The Globe, in its investigation, reported on a Bostonian who suffered paralysis during a difficult, complicated spinal operation. His renowned specialist went in and out of that operation because he was also operating on another patient with an equally complex and demanding procedure.
Professional organizations are scrutinizing existing guidelines about this practice, and it has drawn the scrutiny, the Globe says, of a U.S. senator.
Frankly, as someone who has seen how lots of operations can and do go wrong, it’s unfathomable why surgeons for ego or financial reasons would jam themselves up with several procedures at once. Surgery, to be fair, is physically and mentally taxing, especially when procedures are long and complex. Top docs are in plenty demand, and they have ample access to resources, like operating room time, residents and fellows, not to mention patients. It’s unconscionable that hospitals and colleagues tolerate this for patients’ and safety’s sake.
Will New York lead the rest of the world into modernity with its requirement that doctors “write” electronic prescriptions from now on? Physicians’ scripts, of course, have been the subject of endless jokes about MDs’ execrable, illegible handwriting.
But there’s no humor when indecipherable prescriptions played a part in patients’ getting wrong medications that have harmed or even killed them. To deal with that danger, officials in the Empire State say that it’s past time to ditch old-fashioned prescription pads
Handwritten prescriptions also need to go because authorities say they need more than ever before to track and crack down on drug abuse and illicit dispensing. As I’ve written recently, the federal government has sent the sternest possible message to doctors that they need to slash their dispensing of powerful, addictive painkillers.
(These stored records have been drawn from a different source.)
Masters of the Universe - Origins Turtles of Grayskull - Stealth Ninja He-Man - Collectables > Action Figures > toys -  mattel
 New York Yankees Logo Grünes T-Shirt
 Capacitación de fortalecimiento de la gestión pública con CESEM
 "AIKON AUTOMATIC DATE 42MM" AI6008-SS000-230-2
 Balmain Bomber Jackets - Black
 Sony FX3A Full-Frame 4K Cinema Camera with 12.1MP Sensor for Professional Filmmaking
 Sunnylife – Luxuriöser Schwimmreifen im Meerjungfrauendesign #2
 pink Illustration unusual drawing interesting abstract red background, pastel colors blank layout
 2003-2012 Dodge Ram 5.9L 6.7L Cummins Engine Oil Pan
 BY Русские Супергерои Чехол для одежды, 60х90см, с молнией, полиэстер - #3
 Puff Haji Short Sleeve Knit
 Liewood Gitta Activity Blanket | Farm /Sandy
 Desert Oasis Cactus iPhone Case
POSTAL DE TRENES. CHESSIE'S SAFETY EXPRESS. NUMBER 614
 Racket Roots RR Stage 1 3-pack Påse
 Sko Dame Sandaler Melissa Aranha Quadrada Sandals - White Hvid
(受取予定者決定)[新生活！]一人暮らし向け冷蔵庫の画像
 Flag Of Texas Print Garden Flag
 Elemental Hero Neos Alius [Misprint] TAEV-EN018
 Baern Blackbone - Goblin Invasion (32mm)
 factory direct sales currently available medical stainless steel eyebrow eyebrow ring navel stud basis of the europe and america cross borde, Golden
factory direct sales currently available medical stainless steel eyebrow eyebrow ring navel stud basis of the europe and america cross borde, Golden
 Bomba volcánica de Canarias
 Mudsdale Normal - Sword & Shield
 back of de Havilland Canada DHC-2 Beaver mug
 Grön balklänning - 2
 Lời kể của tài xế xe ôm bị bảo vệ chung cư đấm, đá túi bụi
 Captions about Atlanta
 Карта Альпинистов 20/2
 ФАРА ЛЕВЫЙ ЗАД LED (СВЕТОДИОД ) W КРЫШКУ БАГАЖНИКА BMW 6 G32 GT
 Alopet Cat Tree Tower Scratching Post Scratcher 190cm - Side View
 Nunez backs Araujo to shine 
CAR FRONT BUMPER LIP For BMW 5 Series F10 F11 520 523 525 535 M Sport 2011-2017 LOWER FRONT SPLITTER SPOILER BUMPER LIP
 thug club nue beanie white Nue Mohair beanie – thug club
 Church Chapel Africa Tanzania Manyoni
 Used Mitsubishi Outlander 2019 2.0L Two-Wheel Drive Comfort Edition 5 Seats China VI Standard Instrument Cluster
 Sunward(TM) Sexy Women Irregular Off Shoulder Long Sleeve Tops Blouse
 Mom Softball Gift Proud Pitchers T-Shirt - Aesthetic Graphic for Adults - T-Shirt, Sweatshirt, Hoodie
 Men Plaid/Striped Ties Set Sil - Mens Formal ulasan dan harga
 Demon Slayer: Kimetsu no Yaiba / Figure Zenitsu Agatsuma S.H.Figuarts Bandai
Adding electronic prescriptions to the increasingly prevalent e-medical records also could give physicians a fuller, more efficient picture of their patients’ health. It may give health care experts abundant new data with powerful insights about the use, effectiveness, and costs of drugs.
Still, as comments on recent reports of New York’s change suggest, officials need to address consumers’ pragmatic issues with e-prescriptions.
The change to e-prescriptions forces patients to know which pharmacy they want to fill their drug orders. If the meds aren’t available at the designated spot or prove to be costlier than at another vendor, patients can encounter major inconveniences. That’s because their doctors must cancel and resend the prescription elsewhere—and they may not be around at night or on weekends or holidays to do so. Patients also are expressing privacy concerns about databases that can be created with the e-prescription information.
It’s a premise worth consideration: With the volume of patients that nurses and doctors care for, are errors almost inevitable? And are caregivers second victims when medical mistakes happen? An intriguing report looks at the big demands placed on doctors and nurses, and examines the huge toll these take, including the constant fear of doing something wrong that harms patients.
The piece notes the prevalence today of “serious adverse events”—major medical errors– examining the sad effects they can have on nurses and doctors who commit them. The fear surrounding error, the author suggests, prevents caregivers from speaking out. It prevents the disclosure and conversations that could lead hospitals, in particular, to finding and preventing systems or procedural problems that lead to patient harm.